Home-Canned Happiness
Here in Avis, we are in the middle of canning season, whether you are measuring a season by the calendar or by the amount of room it is taking up in your life. At this point, it is beginning to look like a pitched battle between the peaches and the jars. And though long experience tells me that the jars win, right now the sides look even. Green and yellow beans are finding their way into glass jars as well. You can’t beat a fresh green or yellow bean for taste, but home canned beans have a flavor all their own, and the pickled beans are a must all season long for salads and winter holiday tables.
It’s a strict procession, dictated by the Earth and the seasons. And canning starts slowly, first with a couple of jars of strawberry jam, just so you have a whiff of the flavor that those berries bring to a June table. Then the blueberries, though I freeze those. But then it begins in earnest, with the first beans from the garden in late July. Now I realize that you can get local beans a month earlier. But gardening is a hobby for me, not my livelihood. So, I am always behind the farmers and the truly dedicated gardeners, and my harvest is later. Pressure canning the beans and making pickles of beans is then followed by the peaches bought from an Amish neighbor, specially ordered from outside Huntingdon.
The peak of the season is still to come, when we harvest our tomatoes and begin filling jars with whole and sauced beauties, and Nancy buys a medley of local peppers for relish. For that, we bring up the “big guns,” a Squeezo that peels and seeds tomatoes, creating a river of tomato puree. Last year the bounty was so great that we ran out of glass canning jars. Now, Nancy and I never thought that would happen. After all, we hauled a trove of jars out of our mother’s place just a few years ago. At the time, I thought we had way too many jars and looked forward to a future without ever having to buy another. But our garden and the bounty of this part of the world are sometimes a little bigger than our jar hoard can hold.

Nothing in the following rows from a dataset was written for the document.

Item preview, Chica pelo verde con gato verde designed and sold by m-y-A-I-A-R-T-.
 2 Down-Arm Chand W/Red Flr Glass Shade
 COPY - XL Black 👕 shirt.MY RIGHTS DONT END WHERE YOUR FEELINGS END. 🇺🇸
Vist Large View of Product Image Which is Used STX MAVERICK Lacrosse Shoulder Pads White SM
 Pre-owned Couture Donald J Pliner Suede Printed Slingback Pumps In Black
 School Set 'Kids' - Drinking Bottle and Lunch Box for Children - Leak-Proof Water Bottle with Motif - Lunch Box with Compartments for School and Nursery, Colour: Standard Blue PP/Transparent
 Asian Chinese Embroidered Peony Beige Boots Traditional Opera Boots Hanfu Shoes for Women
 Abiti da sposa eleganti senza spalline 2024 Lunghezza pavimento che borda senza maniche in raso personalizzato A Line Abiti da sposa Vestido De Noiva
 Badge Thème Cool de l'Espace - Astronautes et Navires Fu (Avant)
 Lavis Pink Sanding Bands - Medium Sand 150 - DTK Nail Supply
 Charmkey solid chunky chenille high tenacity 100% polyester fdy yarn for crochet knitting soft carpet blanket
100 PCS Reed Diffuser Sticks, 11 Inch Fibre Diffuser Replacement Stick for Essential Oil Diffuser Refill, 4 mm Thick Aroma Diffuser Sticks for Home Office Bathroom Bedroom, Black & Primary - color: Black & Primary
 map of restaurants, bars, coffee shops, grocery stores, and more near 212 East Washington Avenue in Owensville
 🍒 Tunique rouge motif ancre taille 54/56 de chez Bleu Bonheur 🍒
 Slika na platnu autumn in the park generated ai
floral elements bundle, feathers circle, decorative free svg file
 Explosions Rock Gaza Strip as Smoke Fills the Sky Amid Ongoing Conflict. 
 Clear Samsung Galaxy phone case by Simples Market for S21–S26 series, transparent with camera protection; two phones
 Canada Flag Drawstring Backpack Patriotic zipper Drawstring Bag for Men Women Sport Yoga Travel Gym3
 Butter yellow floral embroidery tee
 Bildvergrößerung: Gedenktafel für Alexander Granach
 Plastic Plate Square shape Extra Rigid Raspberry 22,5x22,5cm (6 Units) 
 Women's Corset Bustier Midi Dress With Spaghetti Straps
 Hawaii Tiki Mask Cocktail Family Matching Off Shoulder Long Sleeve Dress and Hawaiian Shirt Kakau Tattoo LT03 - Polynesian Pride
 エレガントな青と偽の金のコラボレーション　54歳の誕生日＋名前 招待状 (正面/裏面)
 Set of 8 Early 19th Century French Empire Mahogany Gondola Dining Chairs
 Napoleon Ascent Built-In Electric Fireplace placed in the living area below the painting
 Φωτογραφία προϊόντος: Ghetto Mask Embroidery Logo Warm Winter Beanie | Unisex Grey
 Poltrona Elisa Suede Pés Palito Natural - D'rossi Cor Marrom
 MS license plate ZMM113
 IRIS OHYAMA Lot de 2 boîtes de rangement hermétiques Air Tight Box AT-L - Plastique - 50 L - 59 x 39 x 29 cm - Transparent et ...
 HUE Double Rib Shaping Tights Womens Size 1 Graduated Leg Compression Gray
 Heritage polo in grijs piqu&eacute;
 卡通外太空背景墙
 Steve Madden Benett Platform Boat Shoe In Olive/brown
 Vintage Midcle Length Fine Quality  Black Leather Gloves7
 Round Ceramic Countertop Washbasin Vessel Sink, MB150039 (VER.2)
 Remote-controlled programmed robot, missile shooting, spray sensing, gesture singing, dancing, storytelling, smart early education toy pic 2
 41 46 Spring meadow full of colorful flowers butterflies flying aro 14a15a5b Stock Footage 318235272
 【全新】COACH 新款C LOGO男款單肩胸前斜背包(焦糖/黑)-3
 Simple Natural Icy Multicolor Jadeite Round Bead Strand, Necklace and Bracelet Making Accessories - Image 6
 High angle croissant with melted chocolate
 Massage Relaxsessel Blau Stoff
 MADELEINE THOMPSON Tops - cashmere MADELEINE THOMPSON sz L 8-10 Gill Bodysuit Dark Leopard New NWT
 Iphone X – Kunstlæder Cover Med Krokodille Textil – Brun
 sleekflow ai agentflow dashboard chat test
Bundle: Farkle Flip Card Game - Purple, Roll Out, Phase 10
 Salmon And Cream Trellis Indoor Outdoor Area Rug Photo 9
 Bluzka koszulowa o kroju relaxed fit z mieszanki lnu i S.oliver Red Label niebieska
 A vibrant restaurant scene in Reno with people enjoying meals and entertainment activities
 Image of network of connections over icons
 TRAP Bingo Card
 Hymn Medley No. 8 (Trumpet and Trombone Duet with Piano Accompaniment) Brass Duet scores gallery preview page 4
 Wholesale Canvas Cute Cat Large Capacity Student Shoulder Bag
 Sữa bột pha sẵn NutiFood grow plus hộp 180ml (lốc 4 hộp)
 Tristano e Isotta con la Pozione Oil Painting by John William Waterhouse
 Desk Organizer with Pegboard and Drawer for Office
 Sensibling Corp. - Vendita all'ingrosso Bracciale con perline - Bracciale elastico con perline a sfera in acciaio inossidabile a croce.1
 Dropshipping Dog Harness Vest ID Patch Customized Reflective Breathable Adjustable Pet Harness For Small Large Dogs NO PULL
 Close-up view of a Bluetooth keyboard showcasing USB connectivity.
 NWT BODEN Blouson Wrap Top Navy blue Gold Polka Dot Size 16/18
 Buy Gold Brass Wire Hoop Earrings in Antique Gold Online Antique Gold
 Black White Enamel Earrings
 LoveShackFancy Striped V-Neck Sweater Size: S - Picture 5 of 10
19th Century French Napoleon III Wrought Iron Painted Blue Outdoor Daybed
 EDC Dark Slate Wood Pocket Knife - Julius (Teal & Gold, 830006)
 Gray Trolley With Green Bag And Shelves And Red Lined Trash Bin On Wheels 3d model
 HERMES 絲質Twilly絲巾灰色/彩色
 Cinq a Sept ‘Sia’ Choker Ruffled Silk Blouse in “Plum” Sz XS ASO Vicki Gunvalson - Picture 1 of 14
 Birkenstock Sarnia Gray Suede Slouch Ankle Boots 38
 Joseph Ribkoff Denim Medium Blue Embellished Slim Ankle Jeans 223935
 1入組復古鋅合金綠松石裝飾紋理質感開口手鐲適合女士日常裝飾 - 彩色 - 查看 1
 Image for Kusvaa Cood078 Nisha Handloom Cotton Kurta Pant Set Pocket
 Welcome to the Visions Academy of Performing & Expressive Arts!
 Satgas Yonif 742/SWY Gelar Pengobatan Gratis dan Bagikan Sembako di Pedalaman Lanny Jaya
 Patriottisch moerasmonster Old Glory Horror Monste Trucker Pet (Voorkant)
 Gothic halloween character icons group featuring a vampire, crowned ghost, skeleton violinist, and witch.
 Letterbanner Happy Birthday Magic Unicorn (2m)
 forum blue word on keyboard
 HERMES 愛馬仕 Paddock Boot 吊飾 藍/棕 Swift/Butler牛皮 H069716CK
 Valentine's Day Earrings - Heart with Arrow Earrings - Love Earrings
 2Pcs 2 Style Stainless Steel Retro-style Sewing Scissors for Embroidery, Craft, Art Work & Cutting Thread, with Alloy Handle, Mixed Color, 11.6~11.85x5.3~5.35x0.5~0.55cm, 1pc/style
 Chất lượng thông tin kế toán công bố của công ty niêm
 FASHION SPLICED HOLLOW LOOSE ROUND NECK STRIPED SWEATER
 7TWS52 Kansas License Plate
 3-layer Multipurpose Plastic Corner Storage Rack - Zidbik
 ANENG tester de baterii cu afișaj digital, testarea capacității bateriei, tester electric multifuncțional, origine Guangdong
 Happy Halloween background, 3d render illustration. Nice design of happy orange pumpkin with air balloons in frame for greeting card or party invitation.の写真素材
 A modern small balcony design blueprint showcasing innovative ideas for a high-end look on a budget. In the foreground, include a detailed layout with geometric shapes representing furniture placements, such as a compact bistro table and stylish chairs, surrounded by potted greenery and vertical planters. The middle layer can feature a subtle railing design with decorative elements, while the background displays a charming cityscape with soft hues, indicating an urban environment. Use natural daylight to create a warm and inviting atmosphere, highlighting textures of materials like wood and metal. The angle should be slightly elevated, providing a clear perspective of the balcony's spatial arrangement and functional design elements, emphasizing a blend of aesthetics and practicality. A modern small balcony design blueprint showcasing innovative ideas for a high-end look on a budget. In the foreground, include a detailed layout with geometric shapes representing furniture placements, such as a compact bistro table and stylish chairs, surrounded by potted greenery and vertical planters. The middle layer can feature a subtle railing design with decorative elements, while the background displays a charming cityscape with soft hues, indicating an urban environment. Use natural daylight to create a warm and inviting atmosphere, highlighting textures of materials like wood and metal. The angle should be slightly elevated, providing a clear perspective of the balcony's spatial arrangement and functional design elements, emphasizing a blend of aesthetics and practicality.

I don’t can food because it is cheaper...because it just isn’t. Even if you paid yourself less than one dollar an hour, the canned food at the store probably costs less. But canning food, especially the tomatoes I grow, is rooting me in a cycle of the seasons that stretches back to another life. The process of vacuum sealing food is only 150 years old, but the thought of preserving food for winter is as old as people in cold climates. By canning, I feel the harvest. I look at the bounty. And the process itself is an intricate, measured dance of preparation, sterilization, and timing. At some point early in the peeling and chopping, I feel the presence of my aunts and especially my grandmother. As I can, I remember my childhood more clearly, and remember some of the best times. As I fall into the rhythm of processing, my hands are automatic, sure, and guided by some of the best women I ever knew.
That would be reason enough to spend days preserving the goodness at harvest time. But there’s more. There is the issue of control, at least in some measure, in canning your own food. The vegetables are grown here, if not in my garden, then within one hundred miles of my home. What is purchased is done at local farmer’s markets. Nancy carefully inspects the hot peppers that go in her excellent relish. How are the poblanos this year? They were greener and drier last year. She uses an amazing mix that works some slightly hot and some medium hot peppers into a relish that pleases us. Last year, we bought a new variety of peach, but still in the Haven family. Grandma always looked for Red Havens. Canned, they have a very slightly rosy glow that emanates from the red centers. Within the parameters of the canning process, we experiment. Our peaches are in a very light syrup—about 25 percent of the sugar in the commercial kind. They won’t last on the shelf for a decade, but that is not a problem. They won’t last a year in this peach-happy house. Tomatoes have salt, but we know how much. I add a splash of vinegar to boost acidity and protect the tomatoes from spoilage. The bottom line is that we know what’s in the jar and how much.
It is a labor of love, and memory. The rows of filled jars stand watch in the cool basement, and each trip to the larder brings up a world of good things to serve to friends and family throughout the year. But, right now, I have plenty to do. There’s fruit to peel and shove in jars, canners to remove from the stove, and fresh new jars of plenty to wipe, label, and take to the basement. Happy canning season, and enjoy the turn from summer to autumn.